::: Data below

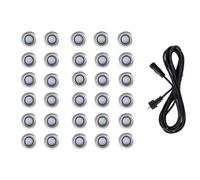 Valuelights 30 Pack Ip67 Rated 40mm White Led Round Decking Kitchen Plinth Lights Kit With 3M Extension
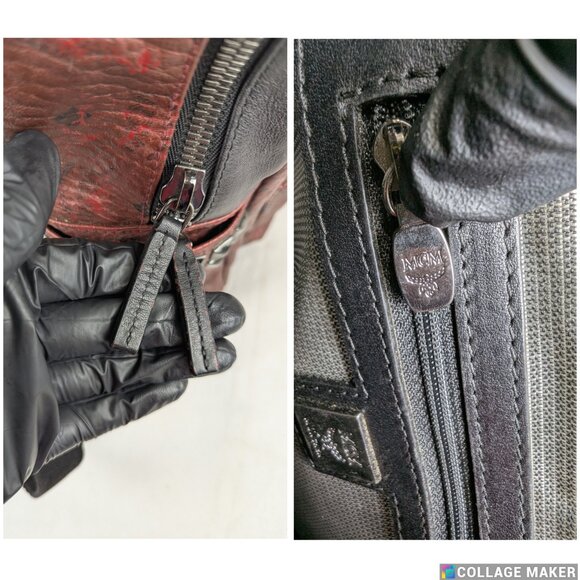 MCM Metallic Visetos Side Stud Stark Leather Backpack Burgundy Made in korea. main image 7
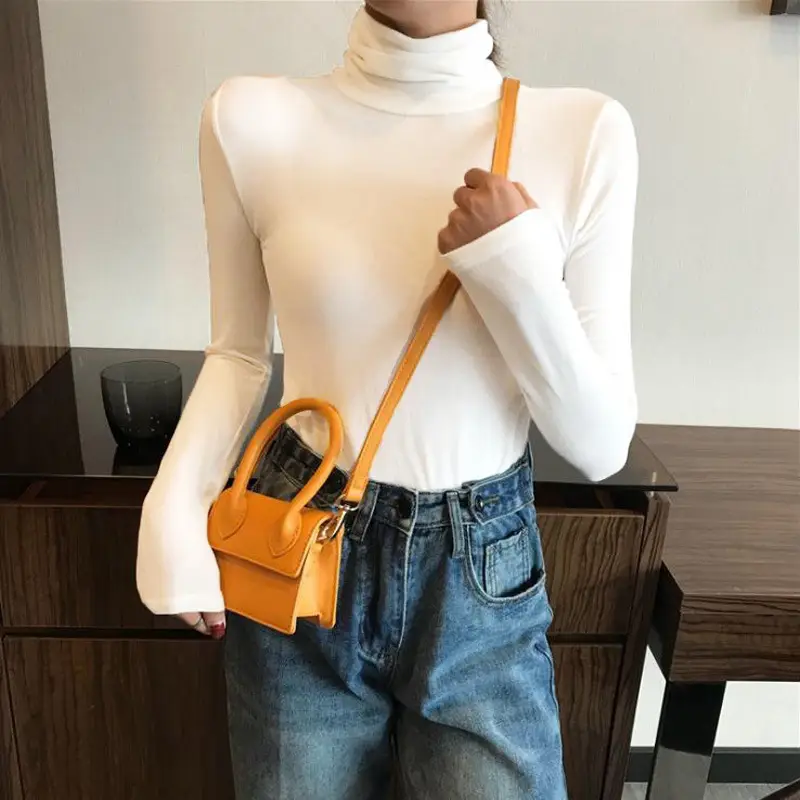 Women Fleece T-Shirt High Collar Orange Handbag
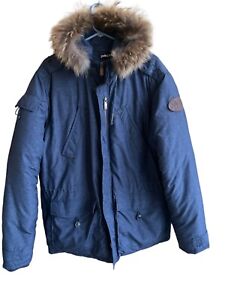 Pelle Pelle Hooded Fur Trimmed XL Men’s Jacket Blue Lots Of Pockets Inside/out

::::::

§ Assignment
Word for word, return the material above; the pictures stay out.

§ Your response
 Valuelights 30 Pack Ip67 Rated 40mm White Led Round Decking Kitchen Plinth Lights Kit With 3M Extension
 MCM Metallic Visetos Side Stud Stark Leather Backpack Burgundy Made in korea. main image 7
 Women Fleece T-Shirt High Collar Orange Handbag
 Pelle Pelle Hooded Fur Trimmed XL Men’s Jacket Blue Lots Of Pockets Inside/out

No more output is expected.